Assignment 4- Data Analytics and Consumer Insights

Author

Akhil Hobby

Introduction

The assessment is based on customer segmentation and predictive analytics. These will be implemented using R Studio to address the questions and provide meaningful, actionable insights for marketers.

Question 1- Predicting Customers Who Will Renew Their Music Subscription

1) Load Necessary Libraries and Import the data set

# Loading libraries

library(rattle)
library(rpart)
library(tidyverse)

sub1_train <- read_csv("sub_training.csv")
sub1_test <- read_csv("sub_testing.csv")

2) Create and visualise the classification tree model

renew_tree <- rpart(renewed ~ num_contacts + contact_recency + num_complaints+ spend + lor + gender + age, sub1_train)
fancyRpartPlot(renew_tree)

3) Interpret the tree model

#Extract the variable importance from the rpart object we have called ko_model_tree
renew_tree$variable.importance
            lor           spend             age    num_contacts contact_recency 
     21.5220728      10.3707565       9.9887537       3.7116877       0.5951338 

(a) Clearly state one rule for predicting if a customer will re-subscribe.
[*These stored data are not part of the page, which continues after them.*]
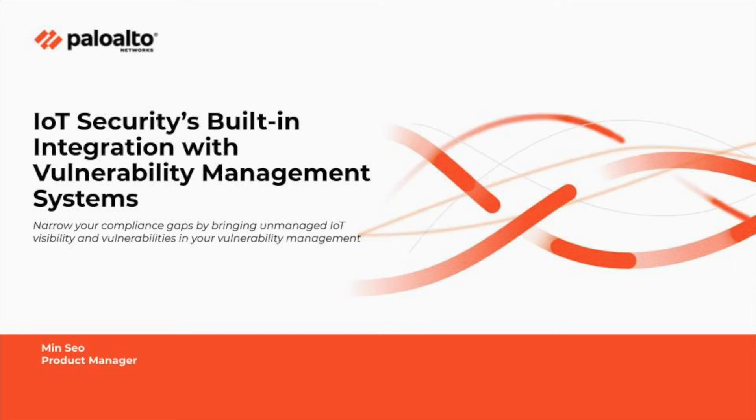Hi, my name is Min Seo. I'm a Product Manager at Palo Alto Networks. Today, I'd like to talk about Vulnerability System integration with Palo Alto IoT Security.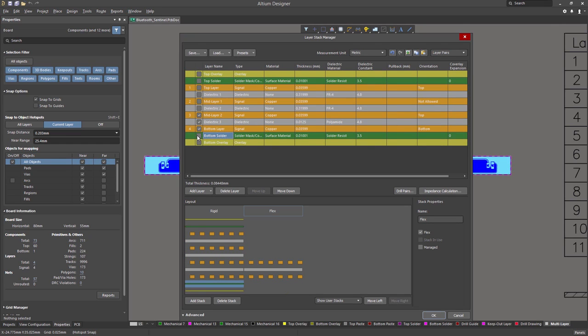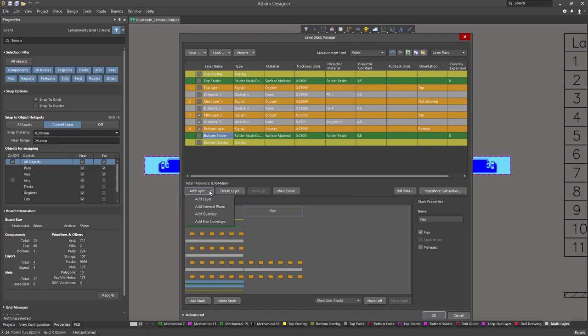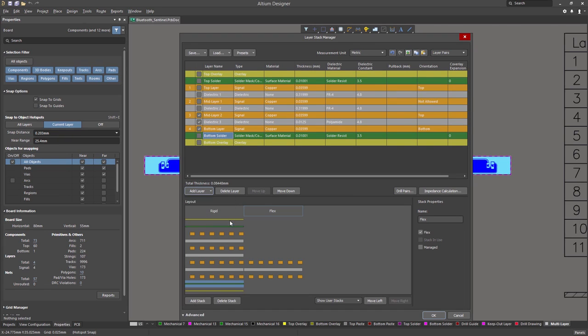In flex designs, a protective layer called a coverlay is added to protect the copper circuitry. We will add these layers to our design by clicking on Add Layer, Add Flex Cover Lays. When done, press OK.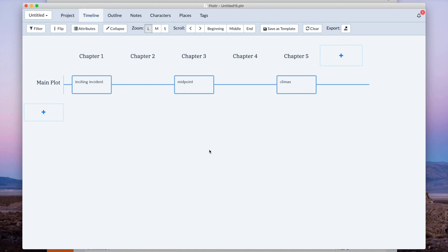This update to Plotter is one that a lot of people have been waiting for. You can now color your scene cards. Let me show you how that works.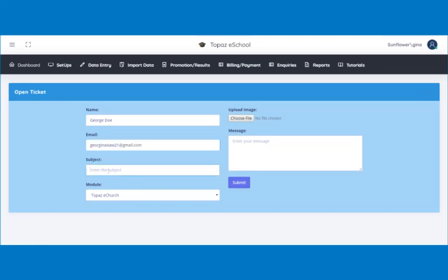The subject of the ticket, that is, what the ticket is for. In this tutorial, I am submitting a ticket on student status.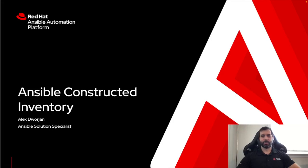My name is Alex Dorge and I'm an Ansible specialist. I'm going to be walking through constructed inventories that were released as part of the Ansible Automation Platform 2.4.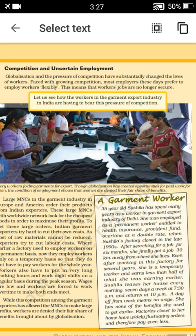The new job was 30 kilometers away from where she lived, and it was only on a temporary basis. She earns much less than what she earned at the previous factory. She leaves her house at 7:30 in the morning, seven days a week, and returns at 10 p.m. at night — working very hard for a very low salary.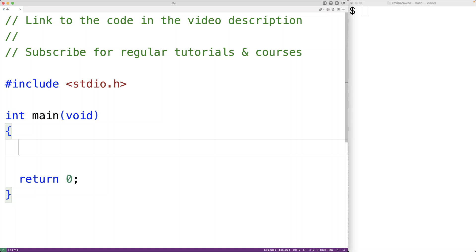In this video, we're going to learn how to use multi-line string literals in C. So in C, we can define a string literal across multiple lines. This can be useful if the string literal is very large.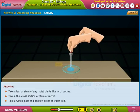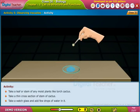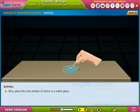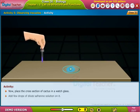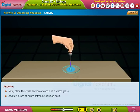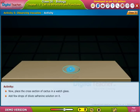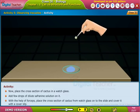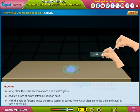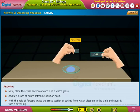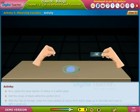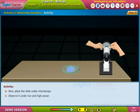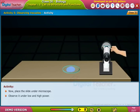Now place the cross-section of cactus in the watch glass and add a few drops of dilute safranine solution on it. With the help of forceps, place the cross-section of cactus from the watch glass onto the slide and cover it with a cover slip.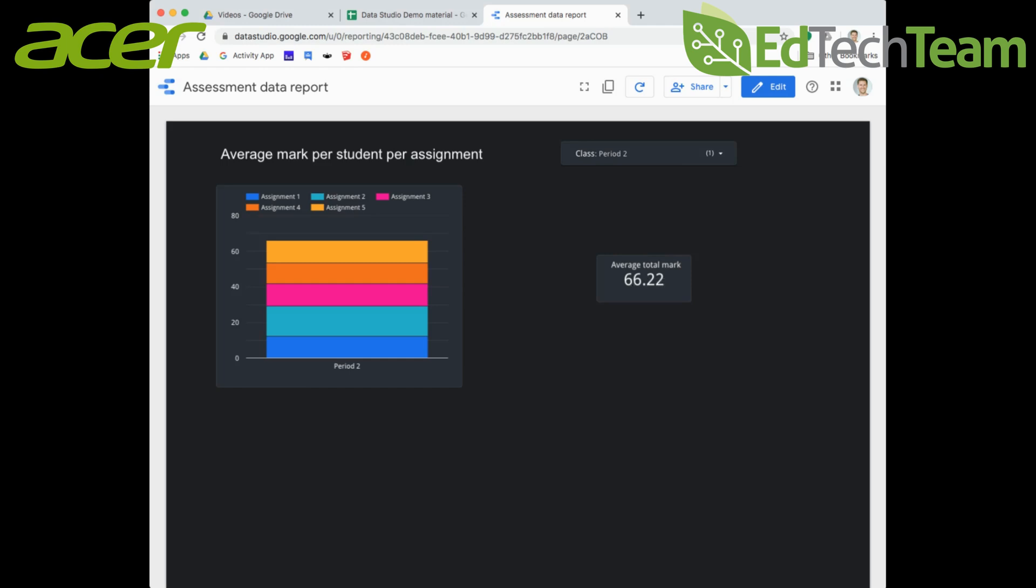This is a really handy tool to have, and the great thing with this is it's unique to this particular user. If I gave this report out to two people or five people, they'd all get a unique view of their own report so you wouldn't see what somebody else is filtering.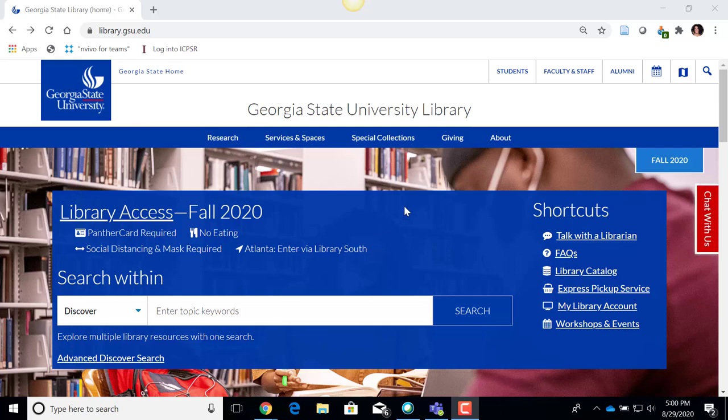Hello and welcome to this introduction to using ICPSR. ICPSR stands for Inter-University Consortium for Political and Social Research. It is a database that contains 7,000-plus data sets — raw data in the general areas of political and social research — available to ICPSR member institutions and their students, faculty, and staff for use in their own research.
Your answer should also address how pure the node is.

  • Path 1 (going far down left): If the “lor” is less than 140, the number of times a customer was in contact with the music downloading service (num_contacts) is less than 7.5, and the spend is less than €182, then they are predicted not to re-subscribe.

  • Path 2 (going far down right): If the “lor” is not less that 140, i.e., greater than 140, the number of times a customer was in contact with the music downloading service (num_contacts) is greater than 7.5, then they are predicted to re-subscribe.

  • Consider the blue leaf going down far right, the end of path 2 (path 2 is to the right of the tree and path 1 is to the left of the tree). The label “Yes” describes the prediction of re-subscription if they satisfy the rules on this path.

  • To determine how pure the node is, it is ideal to study the leaf labels. In this example, the blue leaf going down far right, displays 0.39 and 0.61. This means that 39% of the customers did not re-subscribe and 61% of the customers did re-subscribe. Thus if a customer follows path 2 and is placed in this specific leaf, they are predicted to re-subscribe with a probability of 61% or 0.61.

  • Consider the leaf labels 0.32 and 0.68. This indicates that 32% of the customers did not re-subscribe and 68% of the customers did re-subscribe. Therefore, the re-subscription prediction probability is 68% or 0.68.

(b) Clearly state one rule for predicting if a customer will churn. Your answer should also address how pure the node is.

  • Path 1 (going far down left): If the “lor” is less than 140, the number of times a customer was in contact with the music downloading service (num_contacts) is less than 7.5, and the spend is less than €182, then they are predicted not to churn.

  • Path 2 (going far down right): If the “lor” is not less that 140, i.e., greater than 140, the number of times a customer was in contact with the music downloading service (num_contacts) is greater than 7.5, then they are predicted to churn.

  • Consider the second green lead going left, the label “No” describes the prediction of churning if they satisfy the rules on this path.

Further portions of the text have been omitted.